SAN CESAREO – I carabinieri l’avevano trovata dentro un container in lacrime e in evidente stato confusionale con i segni visibili di recenti percosse sul corpo. Adesso per un 31enne, nato a Tivoli e residente a San Cesareo, senza occupazione e con precedenti, è scattato l’arresto per maltrattamenti contro familiari, atti persecutori e lesioni personali aggravate ai danni della compagna.
I carabinieri della stazione di Colonna hanno eseguito, su delega della Procura di Tivoli, un’ordinanza di applicazione della custodia cautelare in carcere emessa dal gip.

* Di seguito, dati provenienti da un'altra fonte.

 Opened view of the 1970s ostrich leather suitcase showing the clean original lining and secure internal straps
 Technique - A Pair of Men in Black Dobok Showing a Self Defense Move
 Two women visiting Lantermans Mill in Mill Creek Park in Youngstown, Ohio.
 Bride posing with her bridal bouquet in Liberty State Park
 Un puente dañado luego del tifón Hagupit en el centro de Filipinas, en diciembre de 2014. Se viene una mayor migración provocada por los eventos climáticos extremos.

Le indagini erano scattate lo scorso 24 maggio, quando la madre della ragazza ne aveva denunciato l’allontanamento alla stazione carabinieri di Roma Talenti. Da quel momento sono immediatamente scattate le ricerche che si sono concentrate, in particolare, in un terreno privato in via degli Olmi, a San Cesareo, con moduli abitativi e roulotte.
Proprio qui, dentro un container, gli investigatori dell’Arma hanno trovato la ragazza in lacrime e sotto choc.
Secondo quanto riferito dalla vittima, a condurla là sarebbe stato con la forza il fidanzato che l’avrebbe costretta a rimanere segregata. L’uomo, accortosi dell’arrivo delle pattuglie, sarebbe immediatamente fuggito a piedi nelle campagne circostanti, rendendosi temporaneamente irreperibile.
La vittima, immediatamente soccorsa, è stata trasportata dal personale del 118 al pronto soccorso, dove è stata dimessa con una prognosi di 10 giorni. Il fidanzato è stato rintracciato a San Cesareo e condotto a Regina Coeli.